*** GIVEN RECORDS Section Begins ***
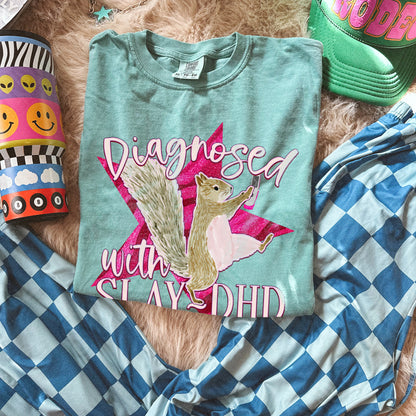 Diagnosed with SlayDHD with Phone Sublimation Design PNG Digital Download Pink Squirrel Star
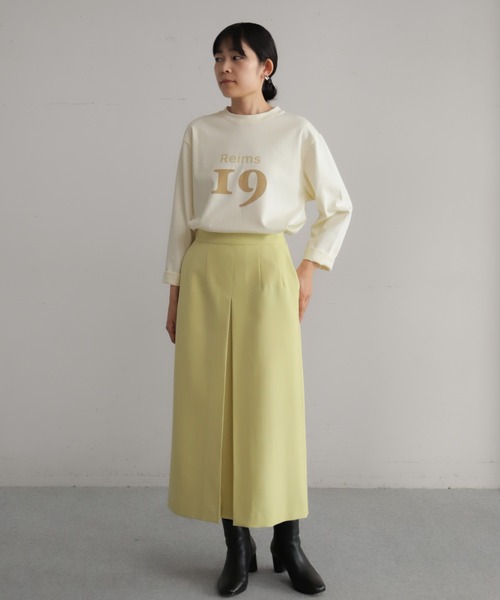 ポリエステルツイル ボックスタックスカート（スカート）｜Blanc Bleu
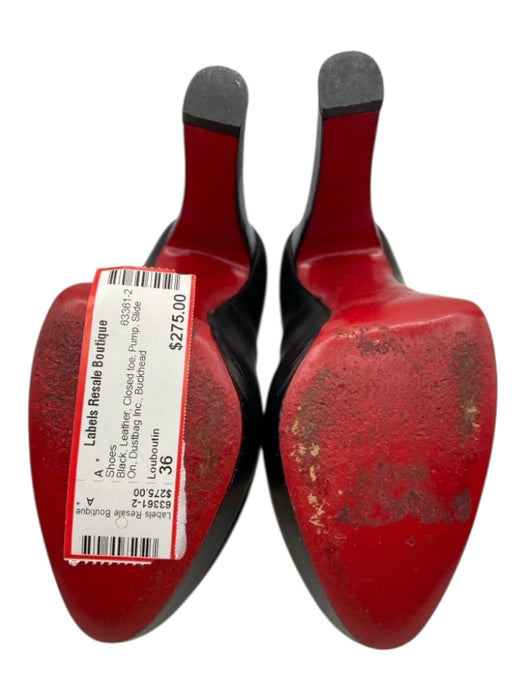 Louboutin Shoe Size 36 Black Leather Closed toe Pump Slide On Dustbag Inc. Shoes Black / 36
*** GIVEN RECORDS Section Ends ***
*** GIVEN RECORDS Section Begins ***
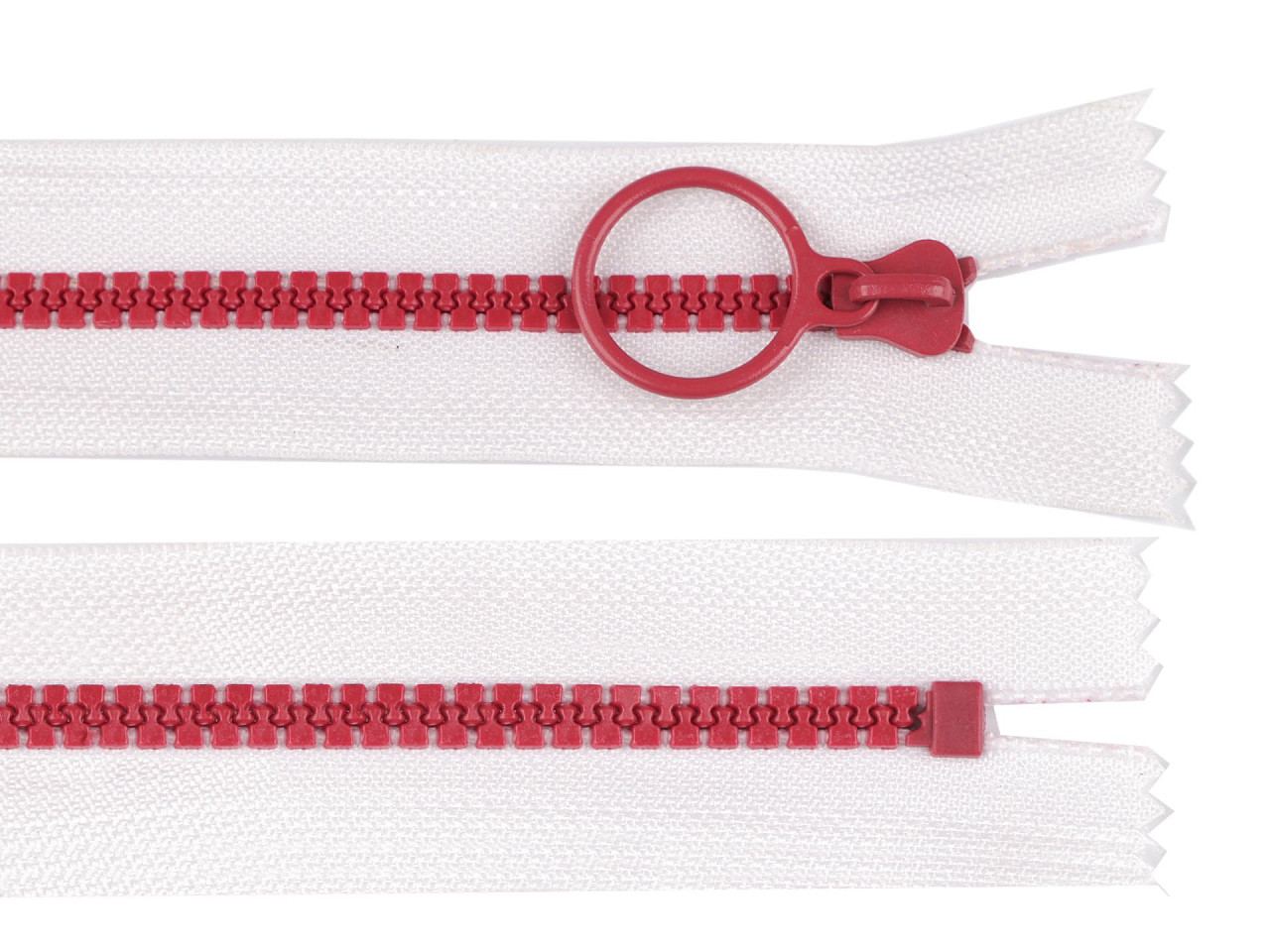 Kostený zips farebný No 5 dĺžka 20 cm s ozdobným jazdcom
*** GIVEN RECORDS Section Ends ***
*** GIVEN RECORDS Section Begins ***
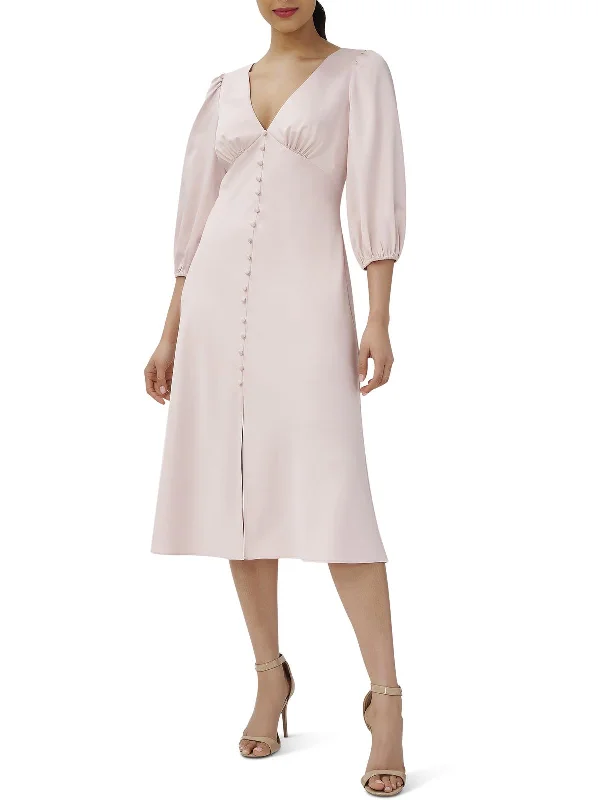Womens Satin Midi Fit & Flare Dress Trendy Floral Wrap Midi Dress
*** GIVEN RECORDS Section Ends ***
_TO DO:_
Leaving each picture behind, please give again exactly the lines above from the one with "Diagnosed with SlayDHD" through the one with "Louboutin Shoe Size", both included, and no others.

_PROBLEM SOLUTION:_
 Diagnosed with SlayDHD with Phone Sublimation Design PNG Digital Download Pink Squirrel Star
 ポリエステルツイル ボックスタックスカート（スカート）｜Blanc Bleu
 Louboutin Shoe Size 36 Black Leather Closed toe Pump Slide On Dustbag Inc. Shoes Black / 36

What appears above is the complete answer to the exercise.